Start of Supplied material

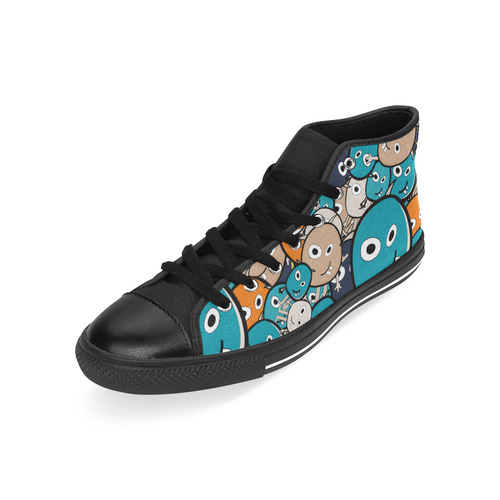 cartoon monsters High Top Canvas Women's Shoes/Large Size (Model 017)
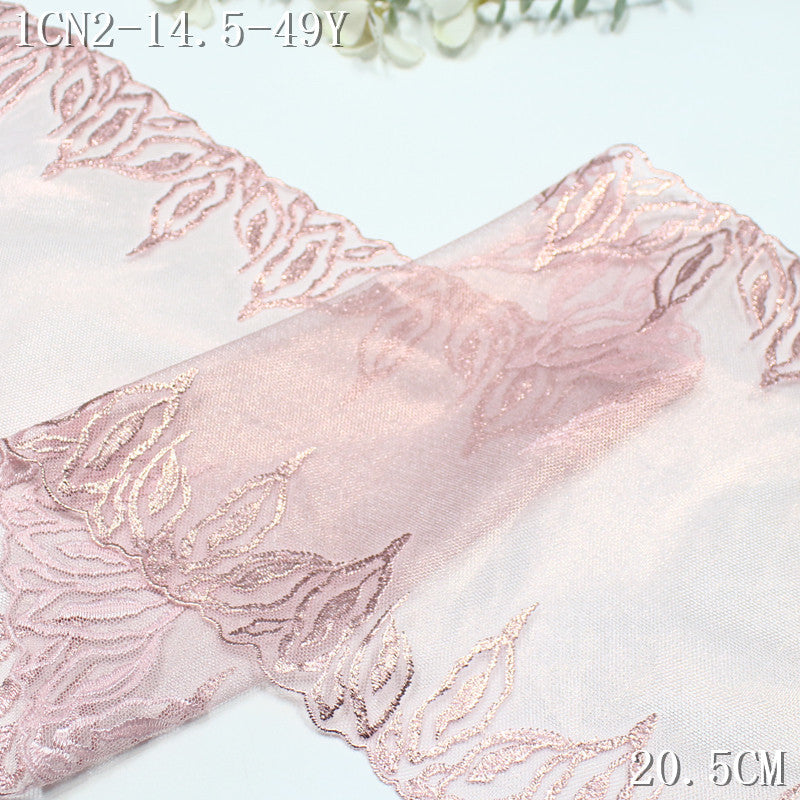 FREEDOMBEAUTY | [1Pack] gilt powder full-width bronzing mesh yarn bilateral bud embroidery lace, fashion clothing dance clothes lace accessories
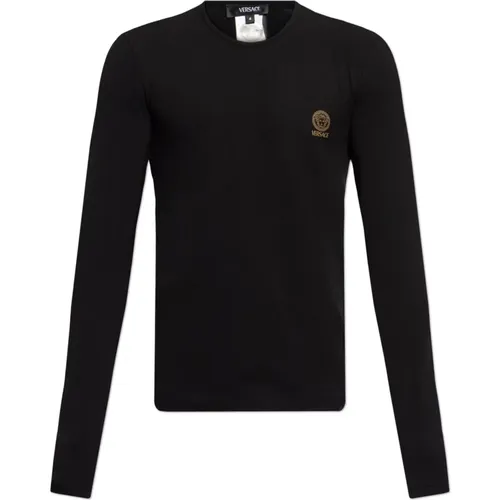 Unterwäsche T-Shirt mit langen Ärmeln , Herren, Größe: XL - Versace - Modalova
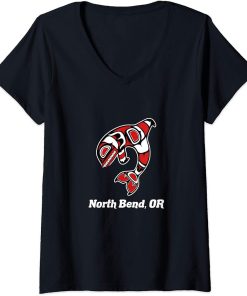 Womens Native American North Bend OR Tribal Orca Killer Whale V-Neck T-Shirt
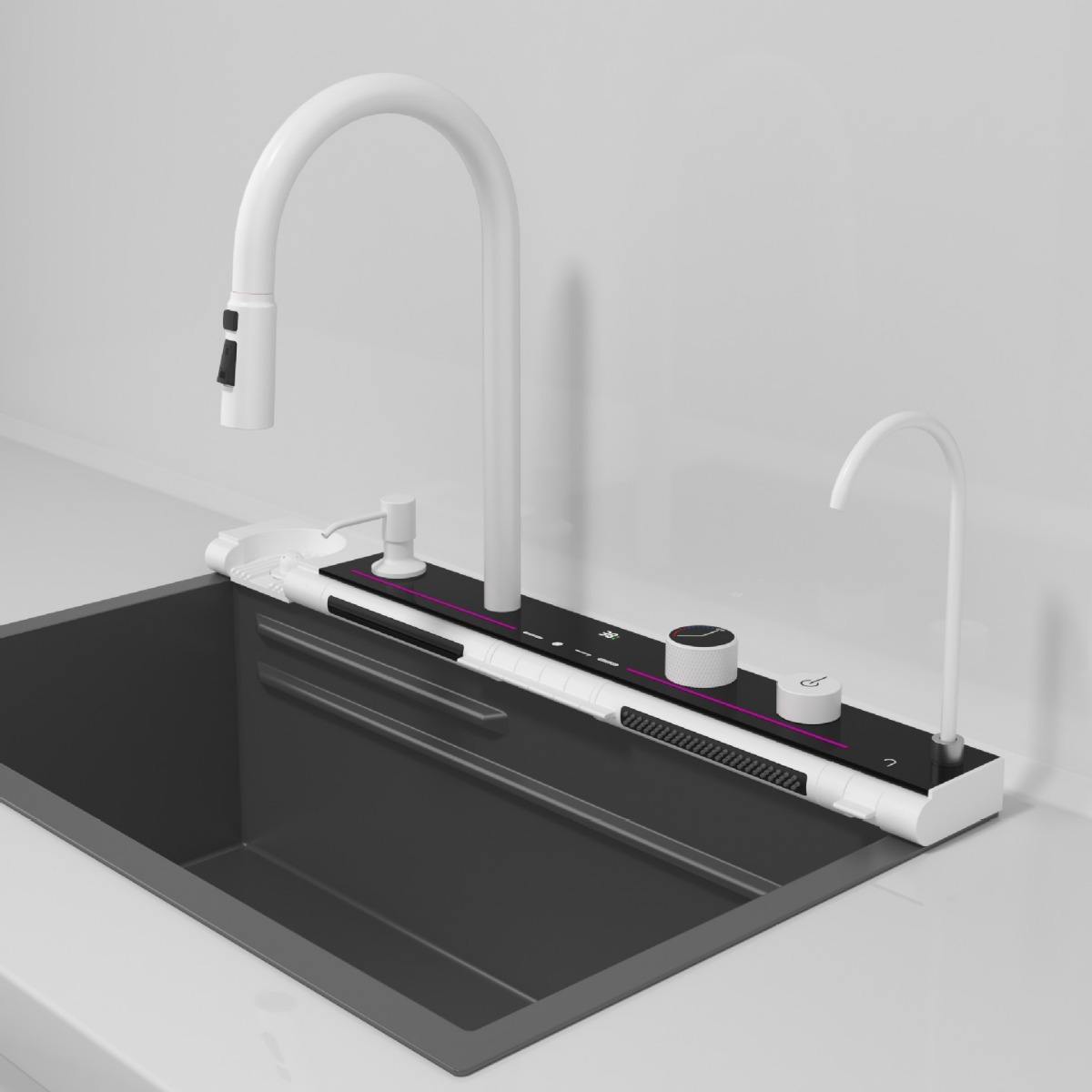 Smart Kitchen Sink System Single Bowl 304 Stainless Steel LED Digital Display Waterfall & Cup Washer Undermount · image 4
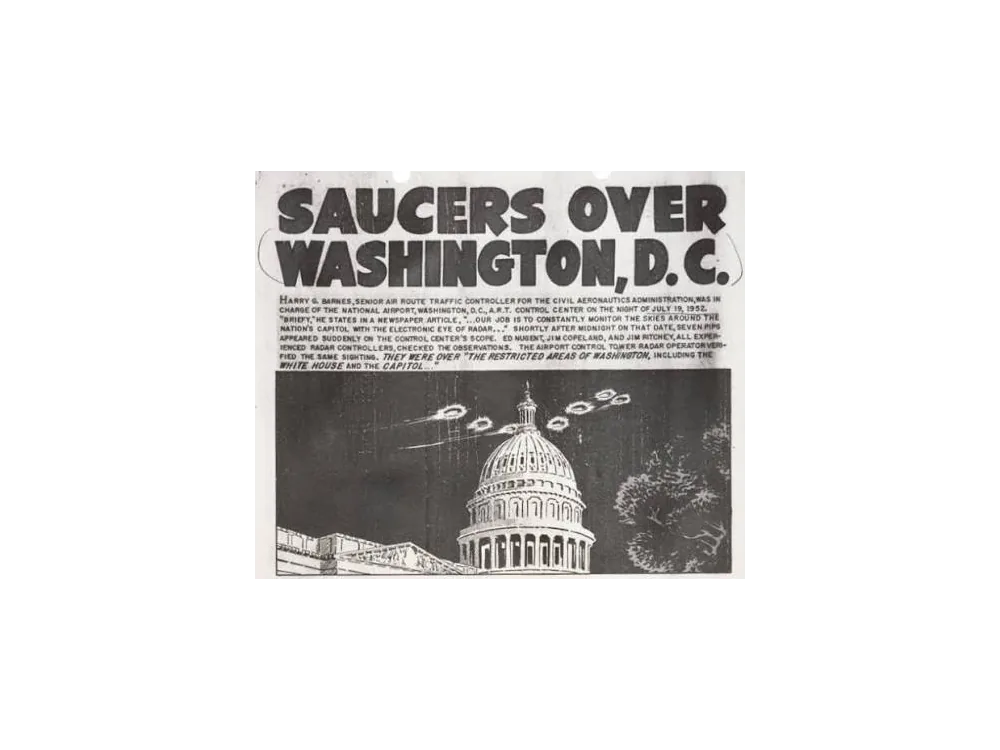 Newspaper page headlined 'Saucers over Washington, D.C.' above an illustration of lights over the Capitol.
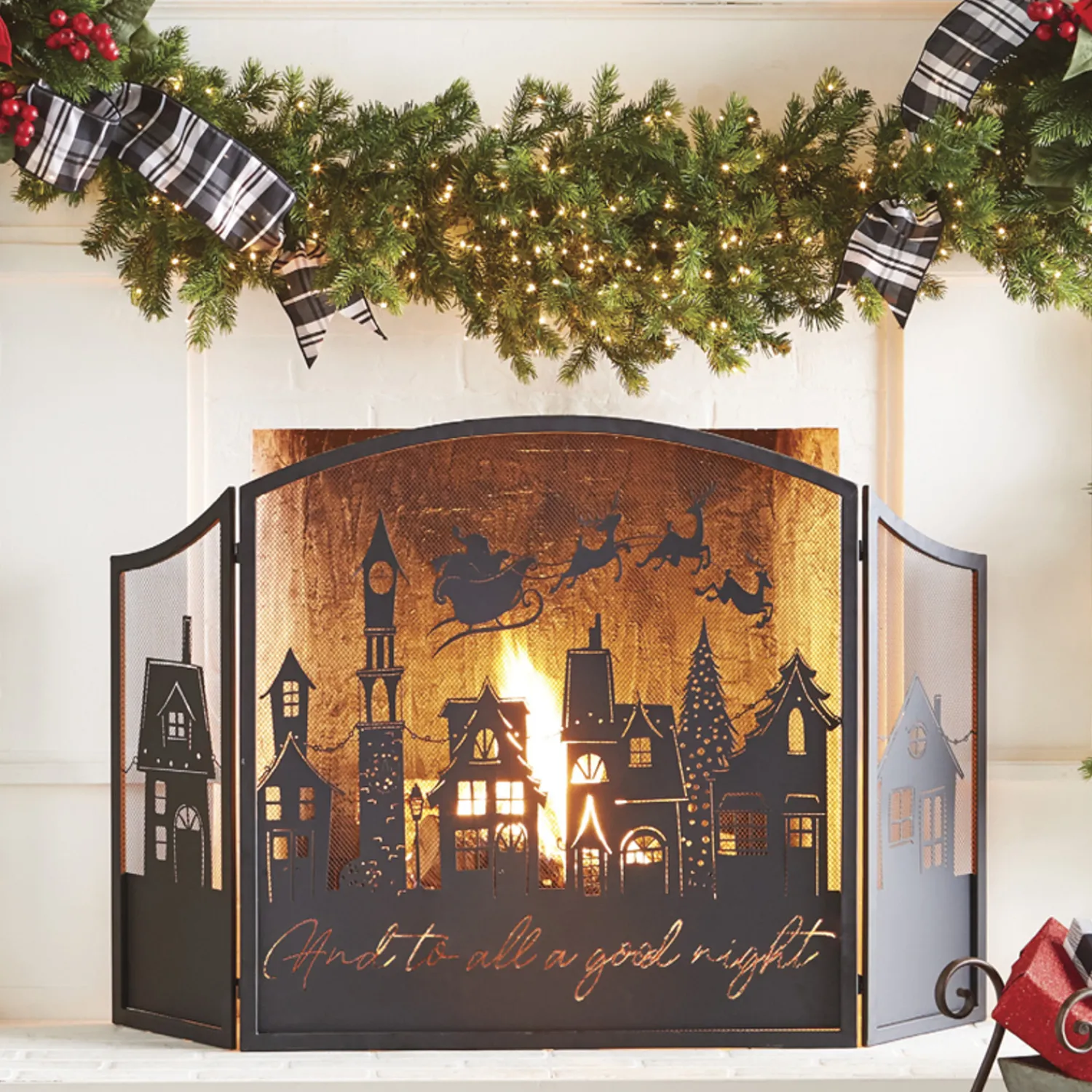 Best The Jolly Christmas Shop Raz 48" And To All A Good Night Christmas Fireplace Screen 4117027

End of Supplied material

*Task statement*
Repeat every entry exactly, but leave out the pictures.

*Written response*
 cartoon monsters High Top Canvas Women's Shoes/Large Size (Model 017)
 FREEDOMBEAUTY | [1Pack] gilt powder full-width bronzing mesh yarn bilateral bud embroidery lace, fashion clothing dance clothes lace accessories
 Unterwäsche T-Shirt mit langen Ärmeln , Herren, Größe: XL - Versace - Modalova
 Womens Native American North Bend OR Tribal Orca Killer Whale V-Neck T-Shirt
 Smart Kitchen Sink System Single Bowl 304 Stainless Steel LED Digital Display Waterfall & Cup Washer Undermount · image 4
 Newspaper page headlined 'Saucers over Washington, D.C.' above an illustration of lights over the Capitol.
 Best The Jolly Christmas Shop Raz 48" And To All A Good Night Christmas Fireplace Screen 4117027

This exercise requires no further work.